AZD2171 in Treating Patients With Locally Advanced Unresectable or Metastatic Liver Cancer
Primary Purpose
Adult Primary Hepatocellular Carcinoma, Advanced Adult Primary Liver Cancer, Localized Unresectable Adult Primary Liver Cancer
Status
Terminated
Phase
Phase 2
Locations
United States
Study Type
Interventional
Intervention
cediranib maleate
laboratory biomarker analysis
computed tomography
dynamic contrast-enhanced magnetic resonance imaging
pharmacological study
Sponsored by
About this trial
This is an interventional treatment trial for Adult Primary Hepatocellular Carcinoma
Eligibility Criteria
Inclusion Criteria:
- Histologically or cytologically confirmed hepatocellular carcinoma
- Locally advanced unresectable OR metastatic disease
- Cancer of the Liver Italian Program (CLIP) score =< 3
- Symptomatic congestive heart failure
- Unstable angina pectoris
- Measurable disease, defined as >= 1 unidimensionally measurable lesion>= 20 mm by conventional techniques OR >= 10 mm by spiral CT scan
- Cardiac arrhythmia
- Measurable lesion must be outside field of prior chemoembolization
- No known brain metastases
- ECOG performance status (PS) 0-2 OR Karnofsky PS 60-100%
- Life expectancy > 12 weeks
- Absolute neutrophil count >= 1,000/mm^3
- Platelet count >= 75,000/mm^3
- Hemoglobin >= 8 g/dL
- Bilirubin =< 3.0 mg/dL
- AST and ALT =< 7 times upper limit of normal
- Creatinine =< 2.0 mg/dL
- Fertile patients must use effective contraception
- CLIP score =< 3
Exclusion Criteria:
- Not pregnant or nursing
- Negative pregnancy test
- No history of allergic reactions attributed to compounds of similar chemical or biological composition to AZD2171
- No chronic diarrhea or any disorder that would limit adequate absorption of AZD2171
- No familial history of long QT syndrome
- Proteinuria =< +1 on two consecutive dipsticks taken no less than 1 week apart
- No other uncontrolled illness including, but not limited to, any of the following:
- Hypertension
- Ongoing or active infection
- No psychiatric illness or social situation that would limit study compliance
- Recovered from prior therapy
- Prior systemic chemotherapy regimens for hepatocellular carcinoma allowed
- More than 4 weeks since prior chemotherapy (6 weeks for nitrosoureas or mitomycin C)

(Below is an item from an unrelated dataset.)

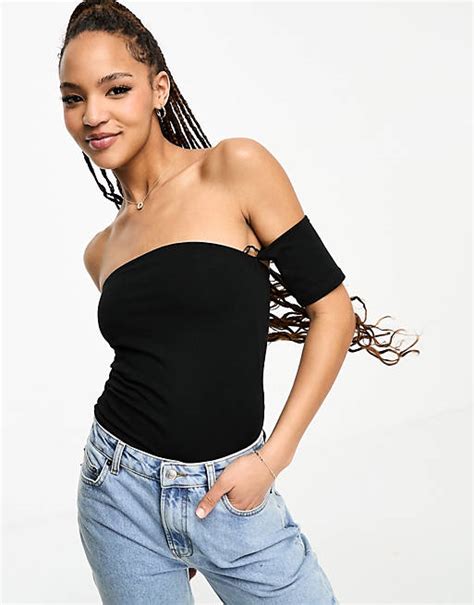 Stradivarius Off Shoulder Bodysuit In Black Asos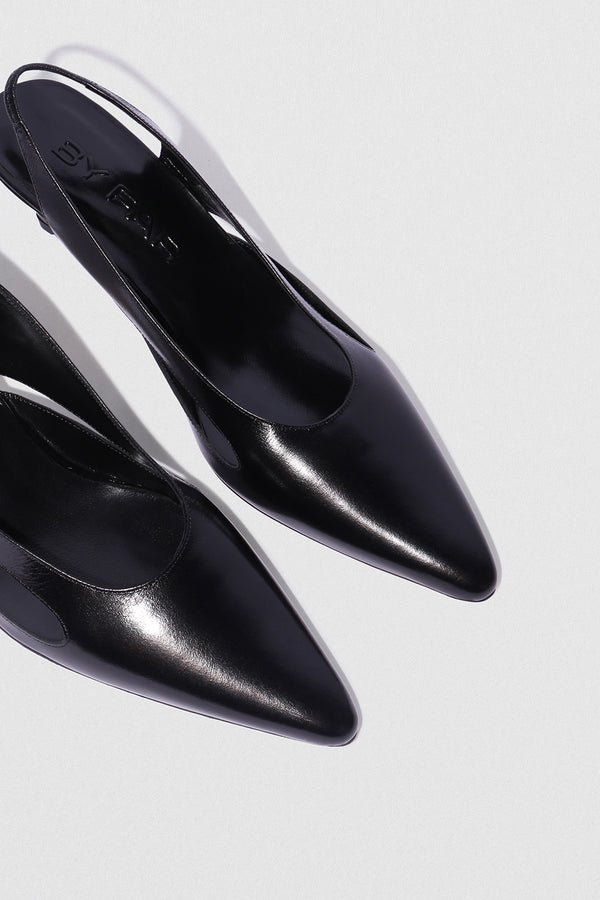 By Far Runa Black Creased Calf Leather Slingback Pump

- More than 4 weeks since prior radiotherapy, major surgery, or chemoembolization
- At least 30 days since prior participation in an investigational trial
- No other concurrent investigational agents
- No concurrent medication that may markedly affect renal function (e.g., vancomycin, amphotericin, or pentamidine)
- No concurrent combination antiretroviral therapy for HIV-positive patients
- No other concurrent anticancer agents or therapies
- No mean QTc > 470 msec (with Bazett's correction) on screening EKG (490 msec for women)
Sites / Locations
- Massachusetts General Hospital Cancer Center
Arms of the Study
Arm 1
Arm Type
Experimental
Arm Label
AZD2171
Arm Description
Patients will receive AZD2171 (cediranib maleate) 30mg by mouth once a day. Treatment may continue for as long as benefit is shown. Patients will undergo MRI and CT scan of the liver before beginning treatment, 3 days after the first dose of AZD2171, and after finishing course one. Patients will also undergo blood collection periodically for laboratory studies. Laboratory biomarker analysis, computed tomography, dynamic contrast-enhanced magnetic resonance imaging, and pharmacological study will be performed.
Outcomes
Primary Outcome Measures
Progression-free Survival
Progression is defined as a 20% increase in the sum of the of the longest diameter of target lesions, or a measurable increase in a non-target lesion, or the appearance of new lesions by conventional RECIST based criteria, or death, which ever comes first.
This design yields at least 90% power to detect a true 3-month PFS rate of at least 69%.
Secondary Outcome Measures
Response Rate
Number of patients who achieve either complete or partial response based on RECIST Criteria for target lesions assessed by MRI.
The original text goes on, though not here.